Otherwise, authentication can be provided by passing a hatcher token as an argument:

from edge import api

service = api.connect(
    catalog_host="catalog.enthought.com",
    catalog_name="edge_demo1",
    api_token='YOUR_HATCHER_TOKEN',
)

or a username and password (This example uses getpass to prompt the user for their password without saving it in the notebook):

from edge import api
from getpass import getpass

service = api.connect(
    catalog_host="catalog.enthought.com",
    catalog_name="edge_demo1",
    username='YOUR_USERNAME',
    password=getpass()
)

Retrieving saved data models from the catalog

Data model retrieval

data_model = service.get_entity_kind(
    'Edge_Example'  # Name of the data model
)

Looking up an object in the data model from its path

It is also possible to access the various components (Data Group, Data Field and Configurables) in a given data model, provided their paths.

The path is just a string representing the location of the object within the data model. It is the names of the ancestors of that object, each separated by a '/', plus the name of the object itself. For example, given a data model with the following structure:

- Edge_Example
    - Evaluation
        - Mechanical Properties
            * Tensile Strength (MPa)
                + Temperature (ºC)
        - Physical Properties
            * IR Spectrum

the path representing the data group 'Evaluation' would be 'Edge_Example/Evaluation', the path representing the data field 'Tensile Strength' would be 'Edge_Example/Evaluation/Mechanical Properties/Tensile Strength' and the path representing the configurable 'Temperature' would be 'Edge_Example/Evaluation/Mechanical Properties/Tensile Strength/Temperature'

# Get a data group
api.lookup_data_group(
    data_model,
    'Edge_Example/Evaluation')

# Get a data field
api.lookup_data_field(
    data_model,
    'Edge_Example/Evaluation/Mechanical Properties/Tensile Strength')

# Get a configurable
api.lookup_configurable(
    data_model,
    'Edge_Example/Evaluation/Mechanical Properties/Tensile Strength/Temperature')

Visualising data models

The structure of a data model can be visualised by printing it. Data groups are prepended with a -, data fields are prepended with a *, configurables are prepended by a +, and children are indented underneath their parents. For the model constructed above, this is the result:

>>> print(data_model)
- Edge_Example
    - Condition
        * Extruder
        * Screw Type
        * Screw Speed (rpm)
    - Evaluation
        - Mechanical Properties
            * Tensile Strength (MPa)
                + Temperature (ºC)
        - Physical Properties
            * IR Spectrum
    - Composition
        * Base (%)
        * Flame Retardant (%)
            + Purity (%)
    * Timestamp

Data search and export

To retrieve a subset of data already in the catalog as a Pandas DataFrame, use the search function. This takes as arguments - an EdgeService instance (see Connecting to a Data Catalog), - a list of data models to search (see Data model retrieval), - a list of criteria to filter the facts by (consisting of a tuple containing the path to the data field, the name of the configurable to filter on, a condition, and a value to compare the configurable to), and - a data table to set which columns you want in the returned DataFrame (see Data Tables)

# Create the search query
# List of Search Terms
all_search_terms = [
    ('Example/Composition/Flame Retardant', 'value', 'Exists', None),
    ('Example/Condition/Screw Speed', 'value', '>', 1),
]
search_terms = []
for path, config_name, condition, value in all_search_terms:
    data_field = api.lookup_data_field(data_model, path)
    search_terms.append(((data_field, config_name), condition, value))

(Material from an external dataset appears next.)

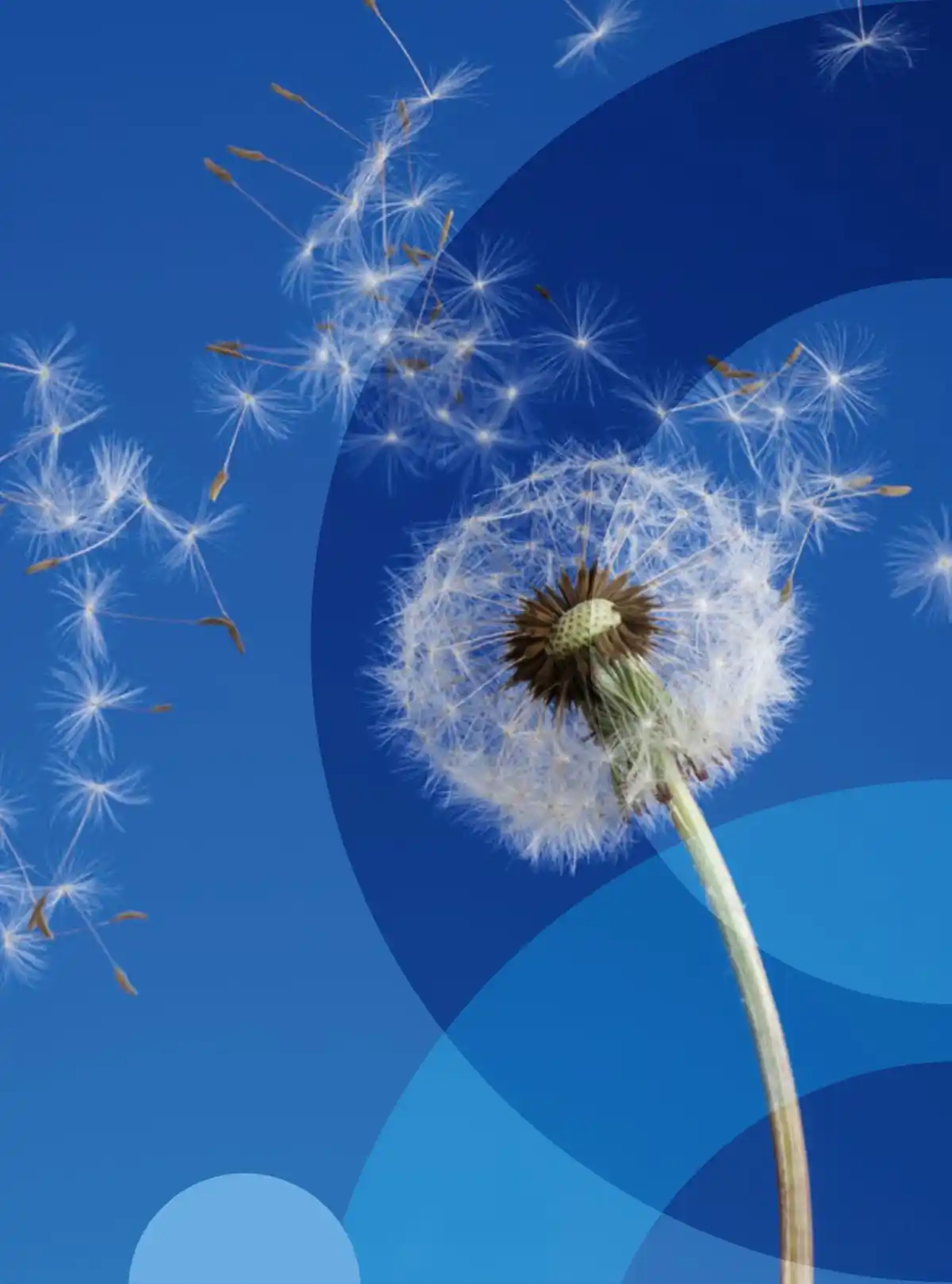 Dente di leone con semi dispersi nel vento su sfondo blu, cerchi sovrapposti.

# Retrieve a data frame containing facts matching the search criteria
df = api.search(
    service,
    data_models=[data_model],
    criteria=search_terms,
    data_table=data_table  # Use a data table to only include the desired columns
)

# Export to .csv and .xlsx
df.to_csv('search_results.csv')
df.to_excel('search_results.xlsx')

Tidy data

The search function returns pandas data frames following the 'tidy data' paradigm (see here and here). Briefly, 'tidy' datasets avoid containing any values associated to a measurement in headers, so columns for 'Pressure @ 20ºC' and 'Pressure @ 30ºC' would be represented instead as:

Entity Id.

Pressure (Pa)

Temperature (ºC)

001

10

20

001

15

30

002

20

20

002

25

30

003

30

40

This means that data from some entities can be split across multiple rows. It also allows for entities which have “redundant” Facts; those with the same configuration, but different values.

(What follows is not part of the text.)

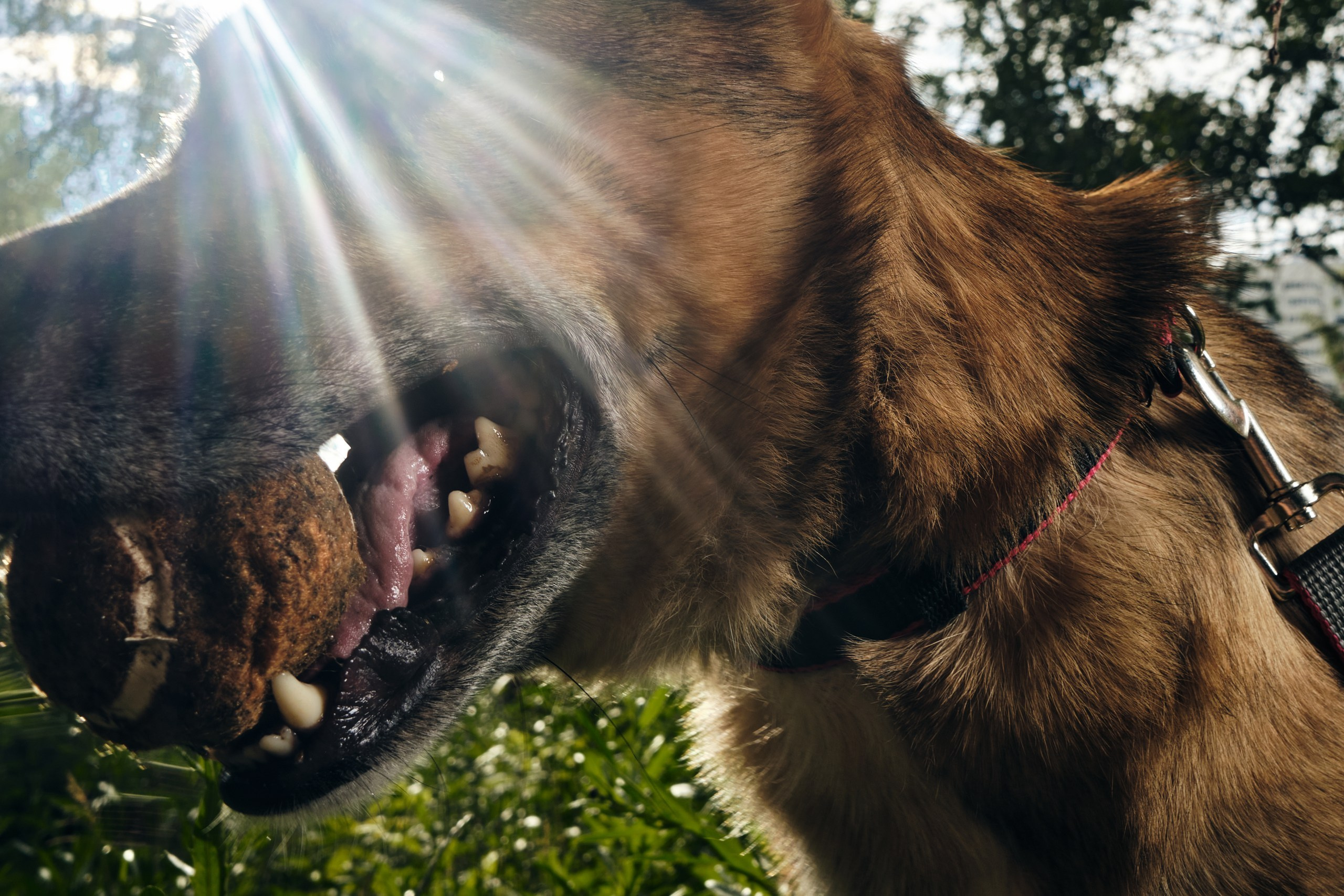 Фотосессия  для паши пса. Профессиональный фотограф в Москве — Максим Дьяконов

If you must, you can "untidy" the DataFrame:

df.pivot(
    index='Pressure (Pa)',
    columns='Entity Id.',
    values='Temperature (ºC)')

results in

Pressure (Pa) Entity Id

001

002

003

10

20

NaN

NaN

15

30

NaN

NaN

20

NaN

20

NaN

25

NaN

30

NaN

30

NaN

NaN

40

Data Tables

When searching for data, a DataTable object can be used to apply further levels of filtering and customization to the output.

Creating a data table

A DataTable can first be created for the EntityKind(s) of interest:

from edge.model import DataTable

screw_type_fact_kind = api.lookup_data_field(data_model, 'Example/Condition/Screw Type')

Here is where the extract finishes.